All that should come back is the lines of the data below from the one containing "Sel de l'océan Atlantique 500 g BYODO" to the one containing "3901306_Alu-De", inclusive, exactly as they stand.

*** Opening Data records ***

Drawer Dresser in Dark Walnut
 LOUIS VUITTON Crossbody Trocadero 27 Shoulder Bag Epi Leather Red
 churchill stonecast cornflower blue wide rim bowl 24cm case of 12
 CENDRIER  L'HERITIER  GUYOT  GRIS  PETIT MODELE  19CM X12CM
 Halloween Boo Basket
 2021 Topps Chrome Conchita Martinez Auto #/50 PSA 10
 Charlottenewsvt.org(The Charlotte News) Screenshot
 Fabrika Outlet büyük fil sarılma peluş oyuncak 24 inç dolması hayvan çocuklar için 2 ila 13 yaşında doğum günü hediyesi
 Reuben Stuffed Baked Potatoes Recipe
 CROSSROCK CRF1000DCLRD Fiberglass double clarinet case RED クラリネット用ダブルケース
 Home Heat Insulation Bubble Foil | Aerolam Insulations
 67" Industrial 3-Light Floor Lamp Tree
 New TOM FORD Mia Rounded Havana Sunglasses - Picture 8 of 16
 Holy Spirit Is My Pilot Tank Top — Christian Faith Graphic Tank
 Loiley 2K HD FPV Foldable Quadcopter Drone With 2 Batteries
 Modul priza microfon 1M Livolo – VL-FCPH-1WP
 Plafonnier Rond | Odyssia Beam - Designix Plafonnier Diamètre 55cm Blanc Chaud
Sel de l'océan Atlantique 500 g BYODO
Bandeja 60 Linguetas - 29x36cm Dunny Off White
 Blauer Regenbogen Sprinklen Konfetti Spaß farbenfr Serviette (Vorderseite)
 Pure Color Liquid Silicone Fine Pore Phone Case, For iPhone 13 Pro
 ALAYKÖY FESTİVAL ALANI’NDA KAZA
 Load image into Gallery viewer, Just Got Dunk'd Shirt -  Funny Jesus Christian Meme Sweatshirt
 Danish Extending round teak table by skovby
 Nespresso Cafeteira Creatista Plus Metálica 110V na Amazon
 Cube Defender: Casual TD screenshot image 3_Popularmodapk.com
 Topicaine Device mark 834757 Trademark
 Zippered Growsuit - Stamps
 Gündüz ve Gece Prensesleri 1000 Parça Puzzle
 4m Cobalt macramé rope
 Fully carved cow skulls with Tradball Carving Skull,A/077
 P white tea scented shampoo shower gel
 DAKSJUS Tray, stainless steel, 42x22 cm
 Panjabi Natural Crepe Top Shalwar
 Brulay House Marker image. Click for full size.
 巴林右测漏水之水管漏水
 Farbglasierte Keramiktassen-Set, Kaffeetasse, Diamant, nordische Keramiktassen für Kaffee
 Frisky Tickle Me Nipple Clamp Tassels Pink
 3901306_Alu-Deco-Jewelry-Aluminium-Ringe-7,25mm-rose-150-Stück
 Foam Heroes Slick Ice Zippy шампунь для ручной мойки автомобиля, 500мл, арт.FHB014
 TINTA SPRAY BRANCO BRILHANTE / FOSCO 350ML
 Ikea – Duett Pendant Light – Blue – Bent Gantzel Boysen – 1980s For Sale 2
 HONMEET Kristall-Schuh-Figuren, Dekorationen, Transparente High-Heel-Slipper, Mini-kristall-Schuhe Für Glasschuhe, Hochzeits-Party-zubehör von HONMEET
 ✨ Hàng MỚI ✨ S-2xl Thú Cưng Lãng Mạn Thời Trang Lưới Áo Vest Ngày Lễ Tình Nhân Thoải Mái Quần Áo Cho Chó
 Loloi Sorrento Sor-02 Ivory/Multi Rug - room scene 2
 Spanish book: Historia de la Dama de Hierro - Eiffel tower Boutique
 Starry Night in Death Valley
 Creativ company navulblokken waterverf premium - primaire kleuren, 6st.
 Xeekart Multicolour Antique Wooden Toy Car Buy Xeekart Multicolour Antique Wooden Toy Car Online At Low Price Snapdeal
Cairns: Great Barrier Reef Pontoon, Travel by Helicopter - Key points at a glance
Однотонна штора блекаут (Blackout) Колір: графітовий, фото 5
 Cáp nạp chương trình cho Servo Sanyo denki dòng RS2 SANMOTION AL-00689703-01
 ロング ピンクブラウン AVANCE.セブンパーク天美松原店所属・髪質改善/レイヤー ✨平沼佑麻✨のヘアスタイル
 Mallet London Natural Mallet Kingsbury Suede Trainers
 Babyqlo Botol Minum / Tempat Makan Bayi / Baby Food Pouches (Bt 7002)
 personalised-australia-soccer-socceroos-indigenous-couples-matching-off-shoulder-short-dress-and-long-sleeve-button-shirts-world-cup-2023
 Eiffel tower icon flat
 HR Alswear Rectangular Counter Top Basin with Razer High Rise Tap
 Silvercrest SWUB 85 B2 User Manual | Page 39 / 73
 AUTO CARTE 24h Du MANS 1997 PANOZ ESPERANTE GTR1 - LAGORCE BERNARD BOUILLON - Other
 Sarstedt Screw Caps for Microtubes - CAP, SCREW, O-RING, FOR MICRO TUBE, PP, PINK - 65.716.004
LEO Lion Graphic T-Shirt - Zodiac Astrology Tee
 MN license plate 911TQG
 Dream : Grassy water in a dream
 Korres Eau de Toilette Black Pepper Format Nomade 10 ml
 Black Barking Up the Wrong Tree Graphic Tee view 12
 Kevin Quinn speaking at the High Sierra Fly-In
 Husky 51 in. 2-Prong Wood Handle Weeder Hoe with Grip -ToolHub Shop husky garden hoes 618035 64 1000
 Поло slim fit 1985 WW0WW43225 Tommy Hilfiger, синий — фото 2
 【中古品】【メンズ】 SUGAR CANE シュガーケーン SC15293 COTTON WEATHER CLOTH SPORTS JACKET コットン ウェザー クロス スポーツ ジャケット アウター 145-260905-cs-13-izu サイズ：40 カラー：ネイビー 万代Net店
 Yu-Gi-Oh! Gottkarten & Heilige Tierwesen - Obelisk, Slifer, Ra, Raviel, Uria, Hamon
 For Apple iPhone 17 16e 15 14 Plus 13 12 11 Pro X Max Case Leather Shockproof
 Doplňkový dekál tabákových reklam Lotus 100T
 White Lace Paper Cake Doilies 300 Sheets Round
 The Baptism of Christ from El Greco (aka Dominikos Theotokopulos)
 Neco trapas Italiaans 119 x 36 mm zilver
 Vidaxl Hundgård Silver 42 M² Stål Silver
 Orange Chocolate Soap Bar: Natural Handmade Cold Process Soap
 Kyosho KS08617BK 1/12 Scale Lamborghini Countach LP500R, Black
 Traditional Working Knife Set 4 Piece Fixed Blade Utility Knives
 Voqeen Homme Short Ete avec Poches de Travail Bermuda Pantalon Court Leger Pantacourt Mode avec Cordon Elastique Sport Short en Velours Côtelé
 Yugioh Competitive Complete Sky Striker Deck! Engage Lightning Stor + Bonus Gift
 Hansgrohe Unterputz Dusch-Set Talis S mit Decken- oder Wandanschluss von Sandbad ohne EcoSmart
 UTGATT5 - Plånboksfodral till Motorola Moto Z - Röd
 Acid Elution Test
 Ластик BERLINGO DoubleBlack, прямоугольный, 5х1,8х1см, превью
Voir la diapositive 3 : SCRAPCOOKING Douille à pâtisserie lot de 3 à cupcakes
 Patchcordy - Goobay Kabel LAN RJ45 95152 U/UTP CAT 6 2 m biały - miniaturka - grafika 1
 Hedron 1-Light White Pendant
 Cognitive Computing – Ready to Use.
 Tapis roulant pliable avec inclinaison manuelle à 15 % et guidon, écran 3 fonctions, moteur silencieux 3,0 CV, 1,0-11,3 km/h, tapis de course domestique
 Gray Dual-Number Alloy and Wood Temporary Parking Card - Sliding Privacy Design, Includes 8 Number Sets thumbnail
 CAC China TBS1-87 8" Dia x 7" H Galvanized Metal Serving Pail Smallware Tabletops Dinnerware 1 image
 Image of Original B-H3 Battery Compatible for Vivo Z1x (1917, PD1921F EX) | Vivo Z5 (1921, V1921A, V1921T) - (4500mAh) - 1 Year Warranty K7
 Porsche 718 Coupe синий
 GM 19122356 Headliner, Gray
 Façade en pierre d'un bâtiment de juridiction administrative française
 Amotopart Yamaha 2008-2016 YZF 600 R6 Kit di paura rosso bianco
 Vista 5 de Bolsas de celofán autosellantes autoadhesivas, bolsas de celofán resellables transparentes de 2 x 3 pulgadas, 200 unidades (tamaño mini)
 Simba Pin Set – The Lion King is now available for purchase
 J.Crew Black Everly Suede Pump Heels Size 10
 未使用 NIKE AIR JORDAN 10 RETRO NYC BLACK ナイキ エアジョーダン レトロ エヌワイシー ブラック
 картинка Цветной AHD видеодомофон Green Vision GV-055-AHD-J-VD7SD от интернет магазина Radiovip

*** Closing Data records ***

**Your response:**
Sel de l'océan Atlantique 500 g BYODO
Bandeja 60 Linguetas - 29x36cm Dunny Off White
 Blauer Regenbogen Sprinklen Konfetti Spaß farbenfr Serviette (Vorderseite)
 Pure Color Liquid Silicone Fine Pore Phone Case, For iPhone 13 Pro
 ALAYKÖY FESTİVAL ALANI’NDA KAZA
 Load image into Gallery viewer, Just Got Dunk'd Shirt -  Funny Jesus Christian Meme Sweatshirt
 Danish Extending round teak table by skovby
 Nespresso Cafeteira Creatista Plus Metálica 110V na Amazon
 Cube Defender: Casual TD screenshot image 3_Popularmodapk.com
 Topicaine Device mark 834757 Trademark
 Zippered Growsuit - Stamps
 Gündüz ve Gece Prensesleri 1000 Parça Puzzle
 4m Cobalt macramé rope
 Fully carved cow skulls with Tradball Carving Skull,A/077
 P white tea scented shampoo shower gel
 DAKSJUS Tray, stainless steel, 42x22 cm
 Panjabi Natural Crepe Top Shalwar
 Brulay House Marker image. Click for full size.
 巴林右测漏水之水管漏水
 Farbglasierte Keramiktassen-Set, Kaffeetasse, Diamant, nordische Keramiktassen für Kaffee
 Frisky Tickle Me Nipple Clamp Tassels Pink
 3901306_Alu-Deco-Jewelry-Aluminium-Ringe-7,25mm-rose-150-Stück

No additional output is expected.